How Benefit Payments are 'Lifting” Funded Status to New Heights

Key takeaways

  • Benefit payments can help or hinder a pension’s plan funded status.
  • Overfunded plans gain from “benefit payment lift,” which increases their funded status. Today, roughly half of all plans are overfunded.
  • As funded status rises, the idea of plan hibernation may become more attractive, enabling strategic use of pension surplus.

I recently visited the Smithsonian Air & Space Museum with my 11-year-old son, where we saw the original plane flown by the Wright brothers in 1903. The plane was larger than I expected, and the first flight was shorter than I thought, but somehow, they managed to crack the code on how to make a machine fly. They did this by overcoming significant opposing forces.

A plane trying to take off has two main obstacles to overcome: weight and drag. Weight is forced by gravity and drag by air resistance. Planes overcome these factors with thrust and lift. Thrust comes from powerful engines and lift from the wings.

Ironically, both drag and lift are caused by air, which can either resist a plane’s motion or help it rise. Pension plans also face forces that either hold them back or propel them forward: obligations, contributions and investment returns.

The weight of obligations

The weight of a pension plan is the future obligation to pay benefit payments. It weighs less when rates are higher (as they were in 2022) but more when they are lower (protected by LDI strategies). Thrust comes from contributions and investment returns. A larger engine is like a more generous funding policy or aggressive asset allocation. Drag and lift also have their analogs, both arising from the payment of benefits. Most recently, more plans are experiencing the lift.

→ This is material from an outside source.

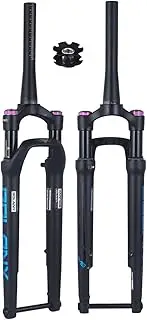 Bike Suspension Fork for Mountain Bike 700C Road Bike Air Suspension Fork 1-1/8 Inch Tapered Steerer Thru Axle 12 * 100mm Bicycle Front Forks 60mm Travel Disc Brake 70mm Ultralight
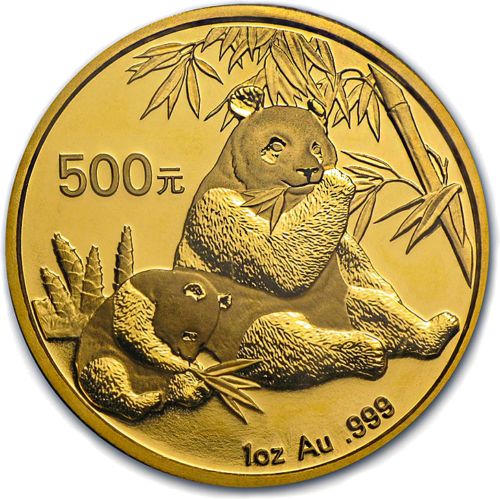 1 oz Panda 2007 Ķīna 500 juaņu zelta monēta (1)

When payments hold you back

Underfunded pension plans face a significant challenge to becoming fully funded, simply because they are always paying out benefit payments. Pension risk transfer can magnify this problem. What we refer to as “benefit payment drag” comes from paying out a higher portion of assets than liabilities. Benefit payments are paid out at a 100% level whether the plan is fully funded or not. This means when an underfunded plan pays benefits, its funded status decreases.

Let’s take a simple example. A plan has $400 million in assets and $500 million in liabilities, or an 80% funded status. Now, what if it pays out $100 million in benefit payments? The plan is left with $300 million in assets and $400 million in liabilities. Its funded status percentage drops by 5% and is now 75% funded. That’s benefit payment drag, and it requires added “thrust” (i.e., returns or contributions) to overcome. The low funded status causes effective returns to be throttled down.